Il est un peu plus de 17 heures. Les avocats des parties civiles, tout comme Me Varaut, ont encore des questions à poser au témoin. Le président suspend l'audience quelques instants.
A la reprise, Me Zaoui souhaite interroger directement Maurice Papon qui ne s'est pas encore exprimé de la journée. Mais le président préfère que les avocats en terminent avec Marc Olivier Baruch.
« La défense n'interrogera pas longuement le témoin. Après 4 heures d'audition et prenant en compte la fatique de Maurice Papon, comme à chaque fois, je suis amené à réduire mes questions », raille Me Varaut. Il veut interpeler le témoin sur le fameux rapport d'expertise ordonné au tout début de la procédure par la prermier juge d'instrucion, un document annulé par la cour de cassation en 1987 mais qu'il a reversé au dossier de la chambre d'accusation sous la forme d'un opuscule qu'il a fait éditer.
L'occasion est trop belle pour les avocats des parties civiles. Ils s'insurgent, chacun leur tour, contre « cette manoeuvre ». Dans un débat qui échappe probablement aux jurés, le président, avec beaucoup de patience, explique que s'il est interdit de faire état de ce document, il n'a pas non plus les moyens d'empêcher quiconque d'enfreindre cette interdiction. Il prévient juste Me Varaut qu'il « encourt des poursuites ordonnales ».
« La défense est un devoir sacré qui l'emporte sur mes risques personnels » brave Me Varaut. M. Baruch attend patiemment qu'on s'intéresse de nouveau à lui. Lorsque Me Varaut critique sa méthodologie, il se défend avec virulence : « L'archive est le témoin numéro Un de l'activité administrative... J'ai le sentiment d'avoir décrit une réalité ».

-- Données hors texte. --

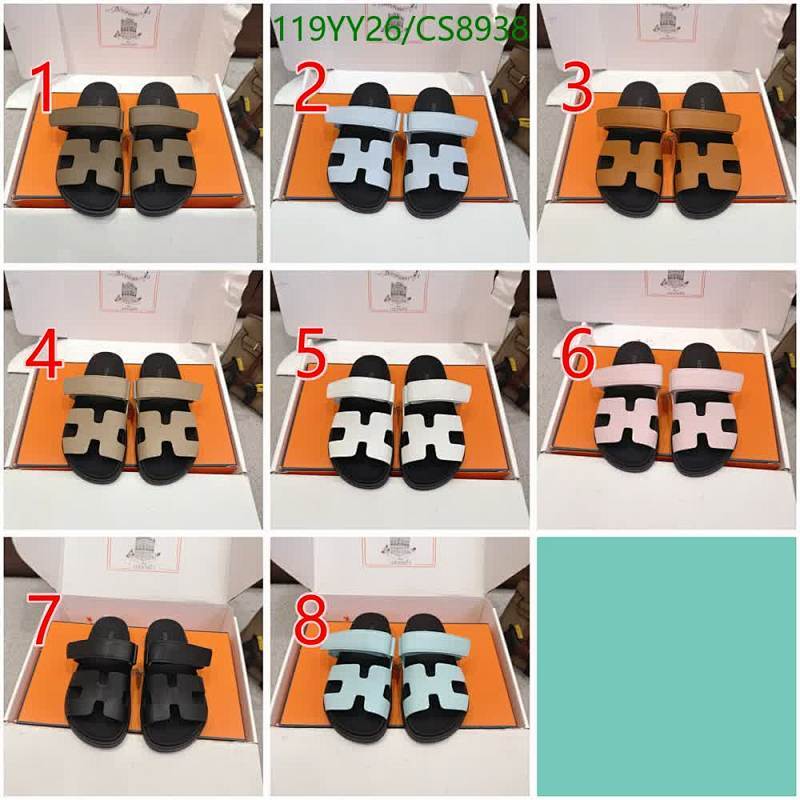 Hermes-Men shoes Code: CS8938 $: 119USD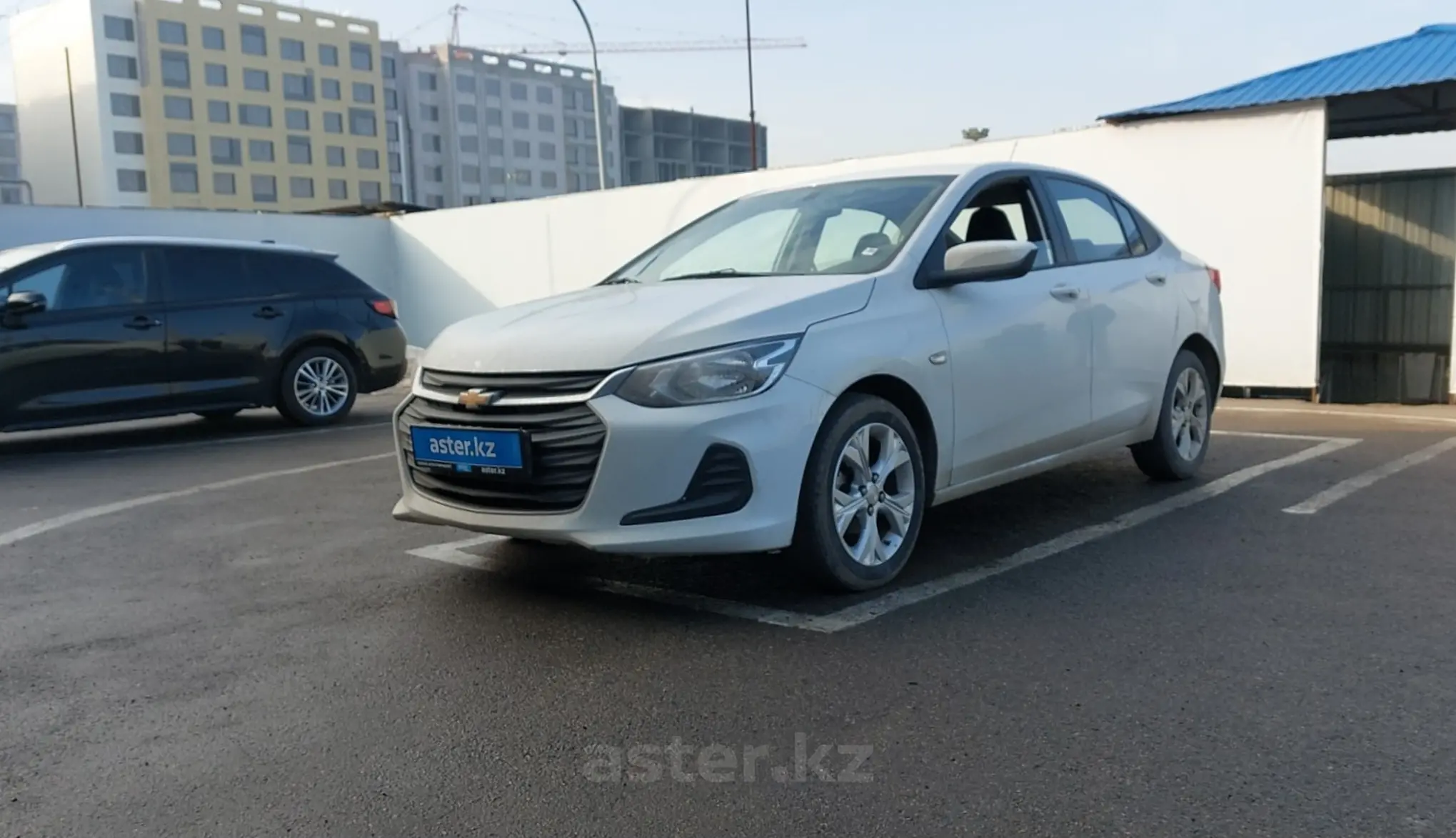 Chevrolet Onix 2020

De fait, Maurice Papon qui, en cette fin d 'audience, prend la parole pour l'unique fois de la journée, admet : « Dans l'ensemble, j'ai reconnu la réalité de ce que j'ai vécu, avec des nuances. J'ai surtout apprécié la part qu'il fait aux circonstances, à l'environnement, aux accidents (avec l'Occupant). Loin d'obéir à l'esprit de géométrie, il obéit dans son livre à l'esprit de finesse ».
Avec l'assurance qui confine parfois à l'arrogance, l'accusé donne surtout son point de vue sur le poste de secrétaire général qu'il occupait à Bordeaux : « Il n'est pas que la femme de ménage de la préfecture. Il est, d'après les textes, le chef des bureaux de la préfecture, le responsable de la bureaucratie et donc du travail des cinq divisions administratives. En plus il est sous préfet de l'arrondissement de Bordeaux ». Il est plus de 19 heures. Le président n'a pas eu le temps d'interroger Maurice Papon sur ses rsponsabilités à la préfecture de Bordeaux.
L'audience doit reprendre à 13 h 30.